Tin-Foil Hat Theology [1]

How conspiracy theories are detrimental to a Christian’s spiritual health

Do not say, “a conspiracy,” concerning all that this people call a conspiracy, nor be afraid of their threats or be troubled. (Isaiah 8:12)

As I have traveled over the internet super-highway, I will occasionally drive by websites dedicated to the promotion of some elaborate conspiracy theory. Just like the attractions along the side of the road promising to show anyone willing to stop such glorious curiosities as the world’s largest gum ball or genuine baby Bigfoot skeletons, those conspiracy websites promise that if you are willing to open your eyes, read all the facts, and connect all the dots, you too will be awakened to the truth of reality.

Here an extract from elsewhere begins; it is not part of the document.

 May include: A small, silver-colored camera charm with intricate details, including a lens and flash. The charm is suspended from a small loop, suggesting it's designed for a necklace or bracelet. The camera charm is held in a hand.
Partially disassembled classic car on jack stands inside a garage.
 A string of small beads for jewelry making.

Now, before I go on, it may be helpful to define what I mean by a conspiracy theory.

A “conspiracy” is simply defined as a “planning together to do something.” Additionally, the conspirators – the group of individual conspiring together – do so in secret, and no one outside the group knows what is really going on.

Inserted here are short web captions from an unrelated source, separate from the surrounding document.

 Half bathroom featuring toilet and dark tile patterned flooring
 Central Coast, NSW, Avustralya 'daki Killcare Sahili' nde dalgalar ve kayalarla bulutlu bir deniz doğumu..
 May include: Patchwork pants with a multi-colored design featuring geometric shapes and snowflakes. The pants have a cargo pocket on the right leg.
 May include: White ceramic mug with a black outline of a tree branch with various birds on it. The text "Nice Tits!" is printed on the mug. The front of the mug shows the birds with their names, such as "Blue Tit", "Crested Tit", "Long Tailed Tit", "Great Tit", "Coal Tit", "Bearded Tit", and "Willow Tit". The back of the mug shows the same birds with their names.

Generally, the word “conspiracy” has a stigma attached to it because it is assumed that the conspirators are attempting to perpetrate something illegal or harmful, but a conspiracy and those conspiring together need not be thought of as being harmful or acting illegally in the majority of instances.

The Manhattan Project, for example, was a massive conspiracy designed to develop the atomic bomb. It was necessary for the entire project to remain a conspiracy – top secret – for the purposes of national security.  Even the Normandy Invasion of June 6, 1944 was a large scale conspiracy which also necessitated absolute secrecy. I myself once participated in a “conspiracy” when I was invited to attend a private get together with a well-known pastor that was limited to the number of folks who could attend. I was told the gathering was impromptu and I was to keep it secret because there was no way to accommodate a large group of people.

Those type of conspiracies are not bad.

However, the conspiracies that occupy the minds of conspiracy theorists are of the harmful, illegal type and they cover a broad spectrum of subjects and scenarios. For instance:

– Zionists and Jews attempting to take over the world.

– International bankers trying to take over the world.

– The Illuminati, or other clandestine groups, attempting to take over the world.

– NASA and the government covering over the truth about UFOs.

– NASA and the government covering over the truth about cities on Mars and the moon.

– NASA and the government covering over the truth that the Apollo missions were hoaxed.

– The government covering over the assassination of high profile government officials like JFK or Ron Brown.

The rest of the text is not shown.